— Aim of the exercise —
Set down each record below exactly as it stands. Pictures are not part of the copy.

— Available data —
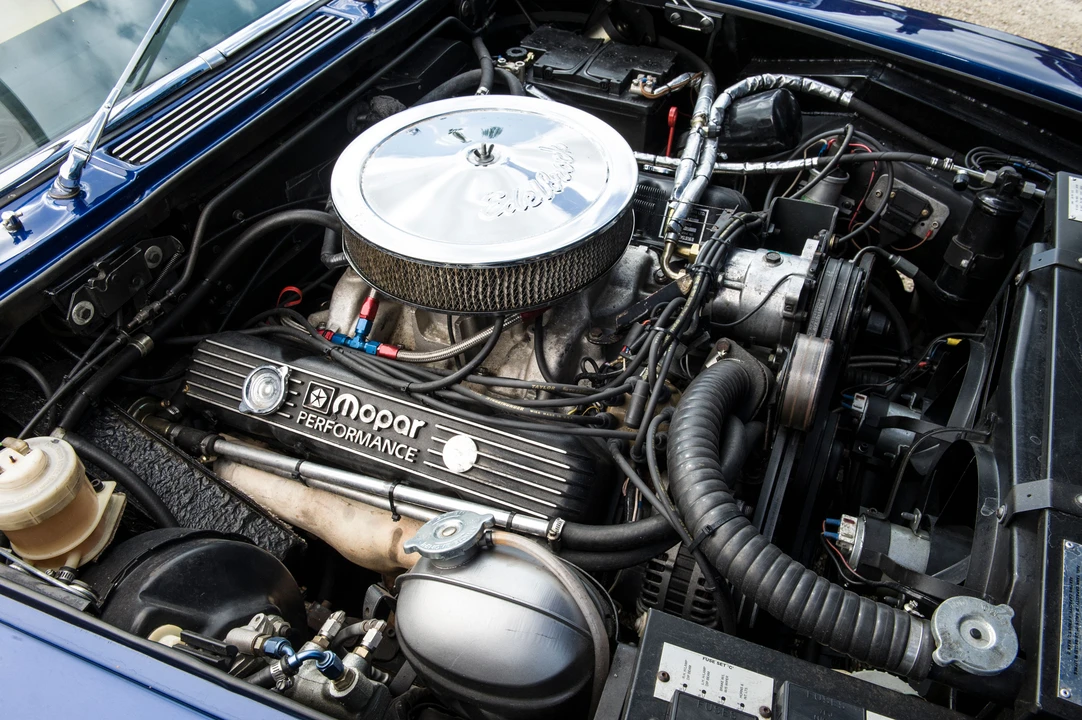 1974 Jensen Interceptor - Image 13 of 15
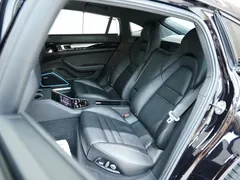 2021 Porsche Panamera 2.9T, чёрный — фото 24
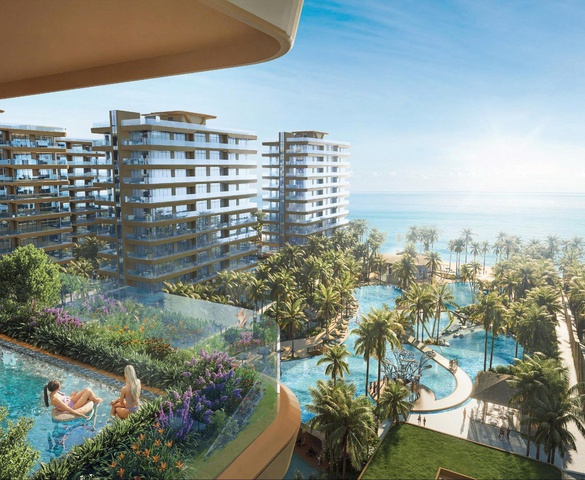 Hạ tầng tỷ USD định hình trục kinh tế phía Đông TP.HCM: Bất động sản Vũng Tàu bước vào chu kỳ mới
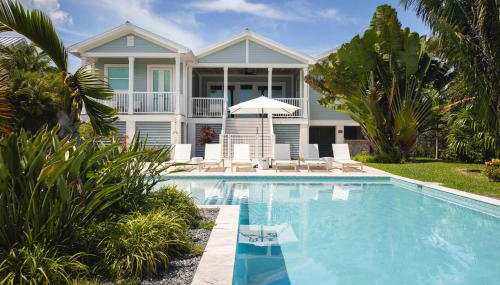 Waterlane House by Brightwild Pool Boat Dock - Foto 2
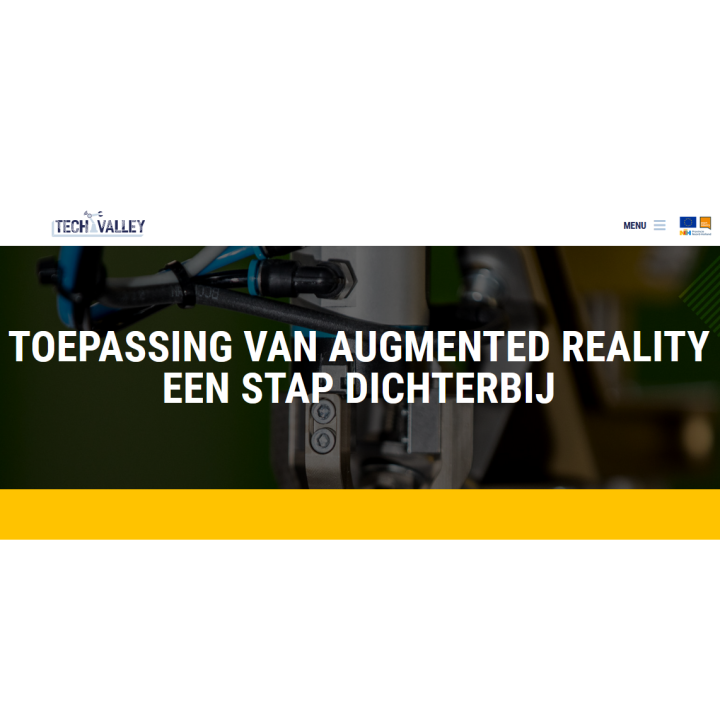 VAM Realities Application of Augmented Reality one step closer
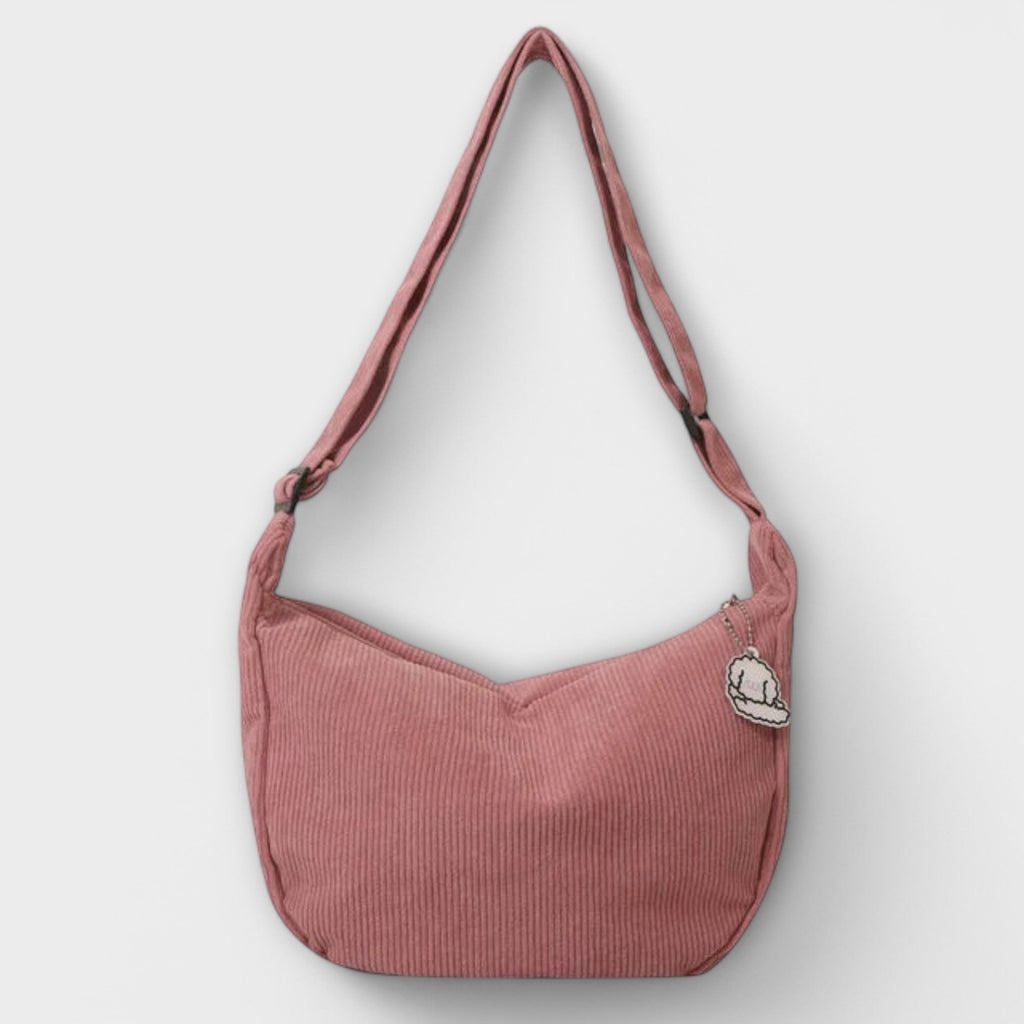 Bolsos de hombro de Cordura para mujeres: robustos, elegantes y prácticos.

— Response area —
 1974 Jensen Interceptor - Image 13 of 15
 2021 Porsche Panamera 2.9T, чёрный — фото 24
 Hạ tầng tỷ USD định hình trục kinh tế phía Đông TP.HCM: Bất động sản Vũng Tàu bước vào chu kỳ mới
 Waterlane House by Brightwild Pool Boat Dock - Foto 2
 VAM Realities Application of Augmented Reality one step closer
 Bolsos de hombro de Cordura para mujeres: robustos, elegantes y prácticos.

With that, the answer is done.